Pennsylvania’s electric sector produced 82 million metric tons of carbon dioxide in 2016, the most recent year of data from the U.S. Energy Information Administration. The electric power industry only produced more carbon dioxide in three other states — Florida, Texas and Indiana, that year.

Republican state Sen. Gene Yaw of Lycoming County is the chairman of the Senate Environmental Resource and Energy Committee.
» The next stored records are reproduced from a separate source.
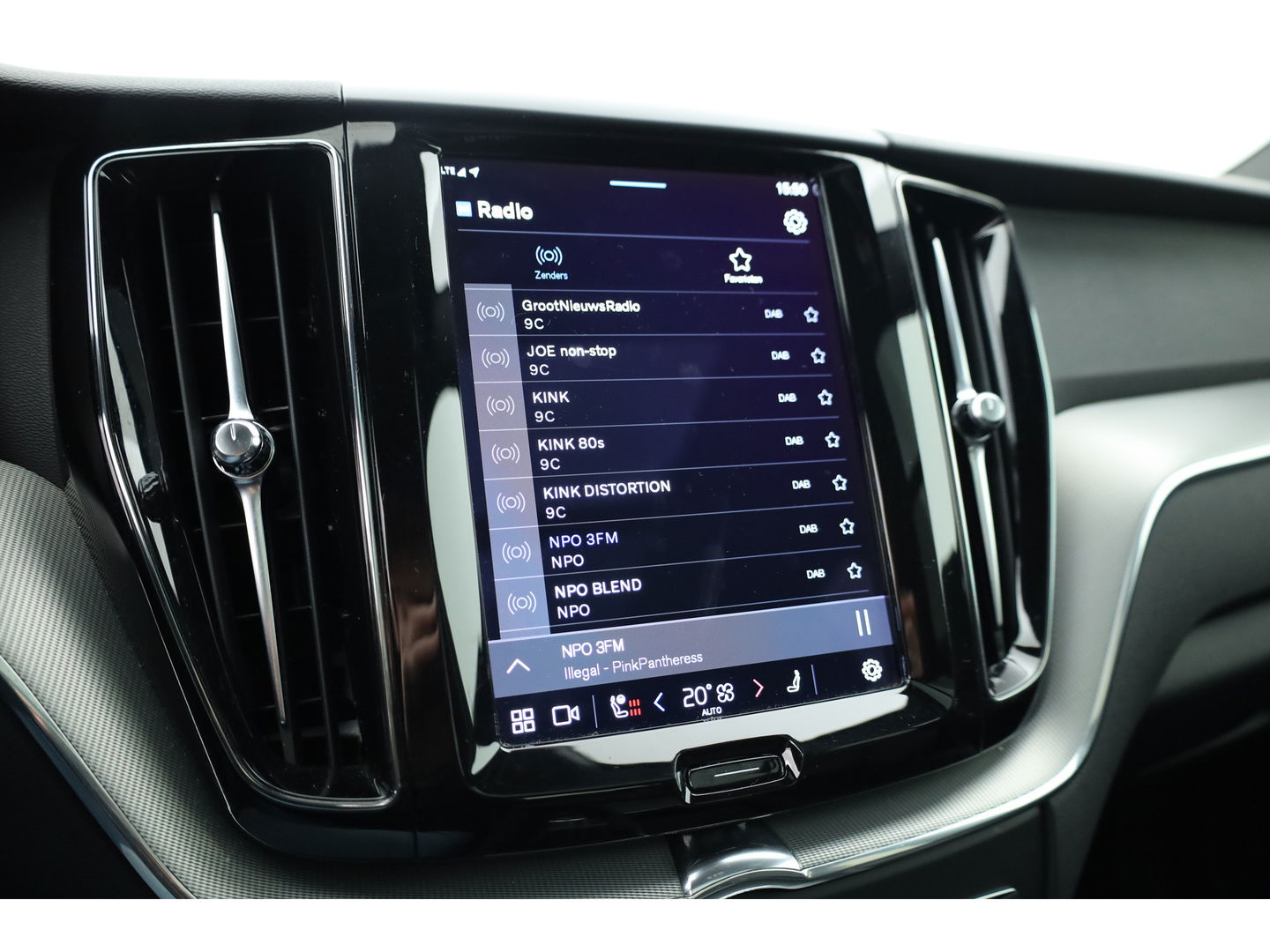 Volvo XC60 2.0 T6 Plug-in hybrid AWD R-Design | Facelift | Long Range | Pano-dak | 21 inch | Sportstoelen | 360 camera | ACC | Standkachel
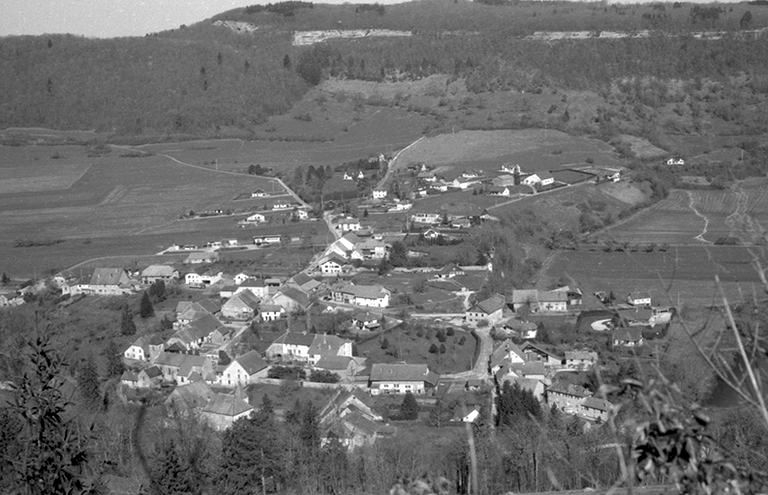 Vue générale du village depuis le château fort de Chassagne-Saint-Denis. © Liliane Hamelin / Région Bourgogne-Franche-Comté, Inventaire du patrimoine - 1999
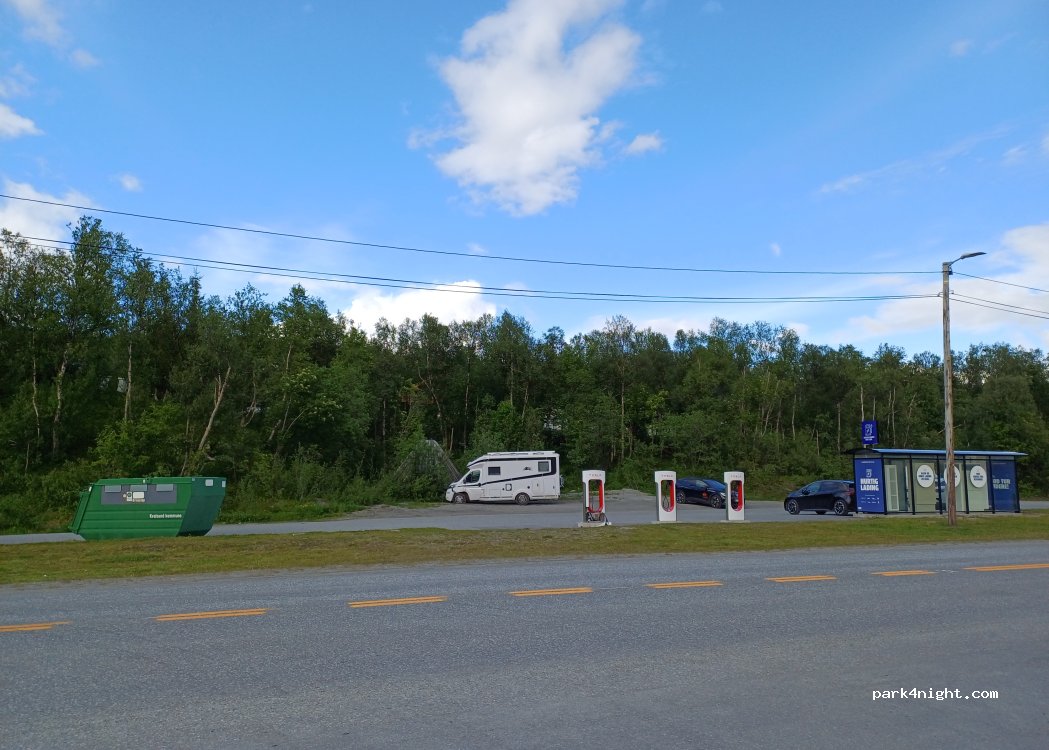(9620) Kvalsund - 2 Skaidiplassen — foto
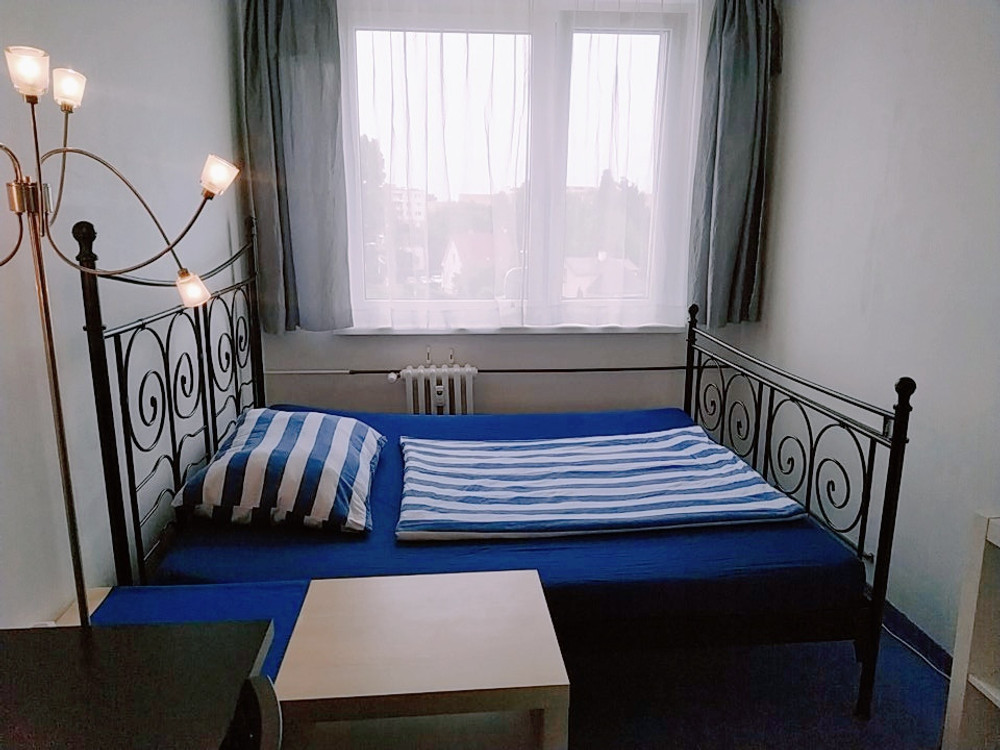 Blue room in Prague 5 preview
He said he supports efforts to reduce greenhouse gas emissions but said there are a number of unanswered questions about the implications of joining the RGGI.

“How is this going to impact industry? We have numerous gas-fired power plants, as well as coal. What is the impact going to be on the petrochemical cracker plant in Beaver County?” Yaw said.

Yaw said it might make more sense to join a regional effort with Ohio and West Virginia, which have energy sectors more similar to Pennsylvania than New York and the New England states that make up most of the RGGI.

Pennsylvania Chamber of Business and Industry President and CEO Gene Barr said legislative input and an analysis of the impact on ratepayers is needed.

“Climate change is real and so is the need to have the business community at the table to discuss solutions and consider the tradeoffs,” Barr said.

Environmental advocates said the threat of climate change makes the governor’s move necessary.

“The climate crisis we face requires decisive, concrete action — and today we got that from Gov. Wolf. The order he just signed will lead to tangible reductions in Pennsylvania’s climate pollution,” said Pam Kiely, senior director of regulatory strategy for Environmental Defense Fund. “The regulatory strategy outlined today has delivered strong results across the region for a decade. With this template and the intensifying urgency around climate change, we expect the Governor’s team will be able to act meaningfully early next year.”

Pennsylvania’s power plants emit almost as much carbon dioxide pollution as the rest of the states in the RGGI combined, Wolf said.